Dans les pays développés, la normalisation progressive des politiques monétaires semble actée mais les conditions du financement de ces économies resteront assez accommodantes et continueraient dès lors soutenir la croissance en Zone euro et aux Etats-Unis. Des externalités positives, en lien avec la politique budgétaire américaine expansionniste suite à la réforme fiscale de décembre 2017, sont à attendre pour les Etats-Unis mais également pour le reste du monde. Selon le FMI, le renforcement des fondamentaux économiques et l’amélioration des perspectives seraient particulièrement significatifs en Irlande (+1,1 pt), en Suisse (+1,0 pt), en Allemagne (+0,7 pt) et aux Etats-Unis (+0,6 pt). Des pays comme la France, l’Italie ou l’Espagne voient également leurs perspectives de croissance revues à la hausse par le FMI, mais dans une moindre ampleur, tandis que la croissance canadienne subit une légère correction à la baisse (-0,04). Le dynamisme retrouvé en Zone euro bénéficiera également à l’Europe émergente, toujours très dépendante de la situation économique de l’Europe occidentale, ceci expliquant le rehaussement des chiffres de croissance en Europe de l’Est pour 2018.
En 2017, les économies émergentes ont pu bénéficier du dynamisme de la demande chinoise. Si un ralentissement économique est attendue en Chine, la croissance y restera élevée (le FMI n’a quasiment pas revu sa prévision de 6,6 % de croissance en 2018) et un scénario de hard lending semble donc écarté à ce stade. Dès lors, une croissance chinoise toujours élevée soutiendra la croissance mondiale et plus particulièrement les pays émergents. De plus, la reprise des prix des matières premières permettrait d’expliquer en partie l’amélioration des perspectives pour les pays émergents exportateurs, notamment en Afrique. A titre d’exemple, le FMI table sur une prix du pétrole à 62,3 USD en 2018, contre 52,8 USD en 2017. Les pays exportateurs d’hydrocarbures voient donc leur croissance revue à la hausse. En effet, ces derniers pourraient effectivement accumuler à nouveau des recettes et ainsi disposer de davantage de marges de manoeuvre pour rompre avec l’austérité et ainsi mieux soutenir l’activité économique. C’est notamment le cas de l’Algérie (+2,3 pts), de l’Arabie Saoudite (+0,6 pt) et dans une moindre mesure de la Russie (+0,1 pt), encore fragilisée par les sanctions financières.

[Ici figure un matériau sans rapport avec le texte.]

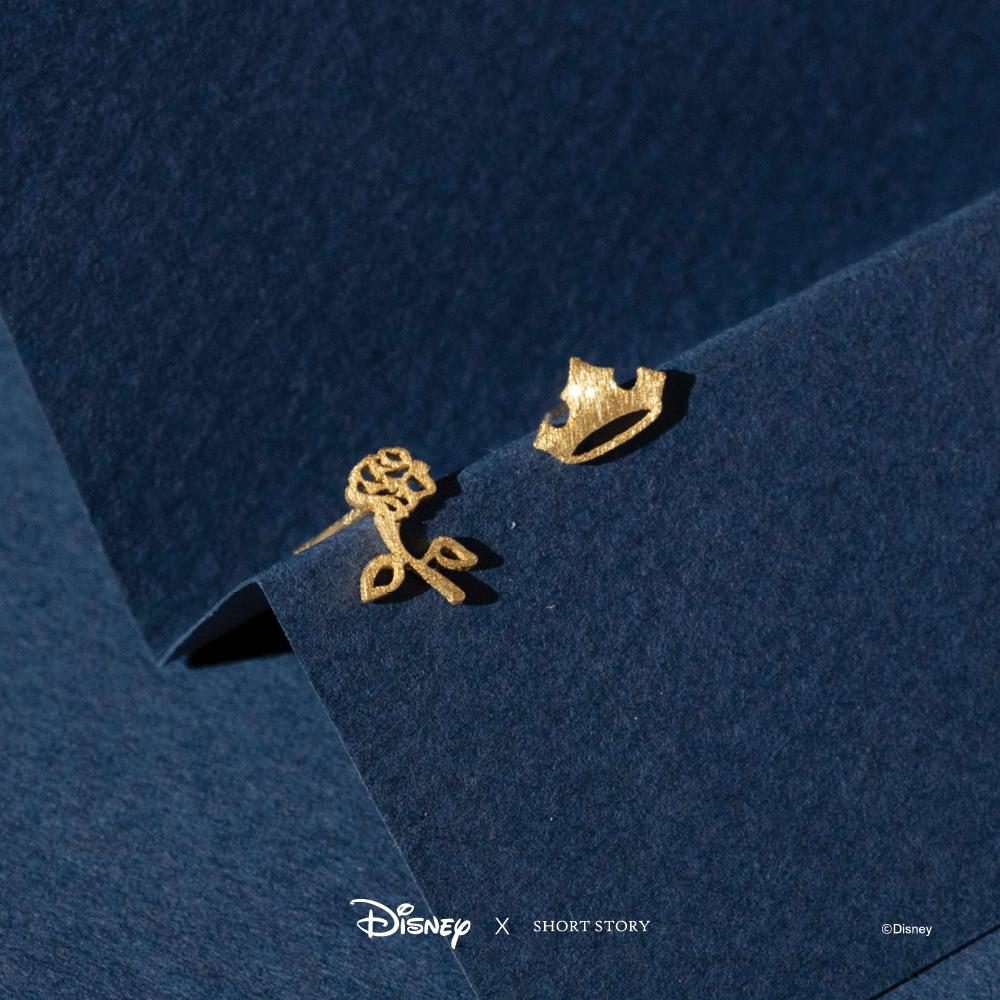 Short Story - Disney Earring Aurora Flower and Crown Gold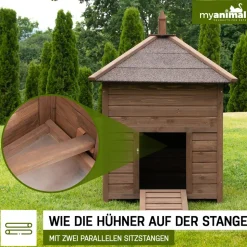 MyAnimal Hühnerstall für 3 Hühner MH-11 mit Nistkasten, Hühnerhaus schutzimprägniert, Dach abnehmbar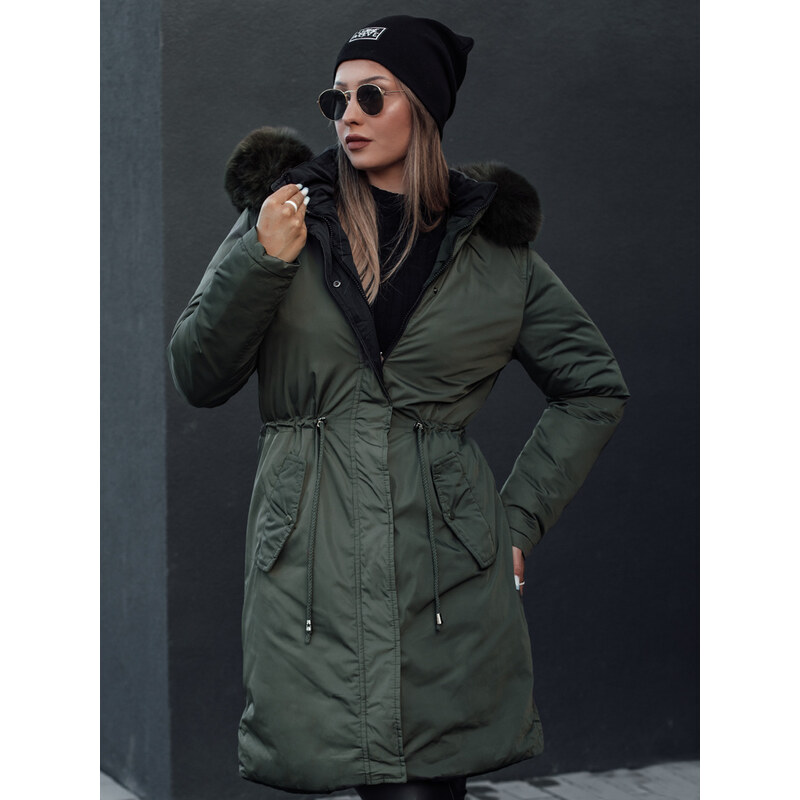 BASIC Zeleno-čierna dámska zimná obojstranná bunda TRENDNEL TY4589 60443544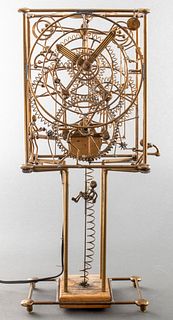 Rare Whimsical Gilt Metal Autotrol Skeleton Clock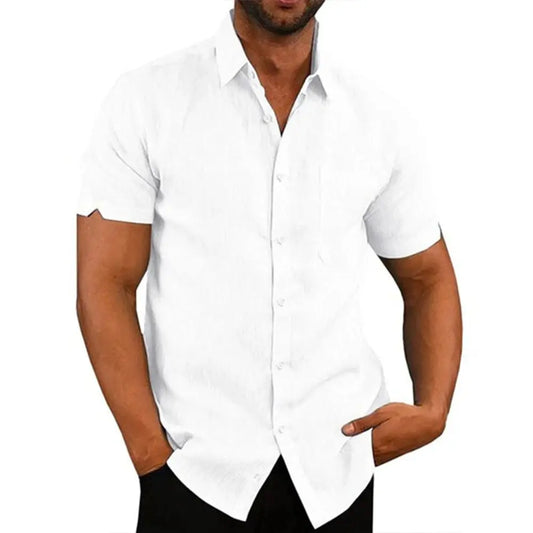 Mens Cotton Linen Short Sleeve Shirt breathable LariLeo Store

Malgré une réduction des risques en 2018 et des perspectives de croissance globalement orientée à la hausse, tous les risques ne sont pas écartés pour autant. Le resserrement des conditions financières dans les pays avancés pourrait renforcer la vulnérabilité externe de certains pays émergents (surtout ceux accusant un manque d’épargne et avec des besoins de financement externe élevé). La croissance chinoise ne repose pas forcément sur des fondamentaux économiques solides (dette privée élevée, risques financiers) et tout ralentissement plus important qu’anticipé aurait de fortes répercussions. Si l’année 2017 a été marquée par une demande mondiale très dynamique et que le T1 2018 semble surfer sur la même tendance, l’introduction de droits de douane aux Etats-Unis (sur l’acier et l’aluminium) pourrait provoquer un regain d’intérêt pour les théories protectionnistes. Le risque de « guerre commerciale » comporterait alors des risques significatifs sur la croissance mondiale.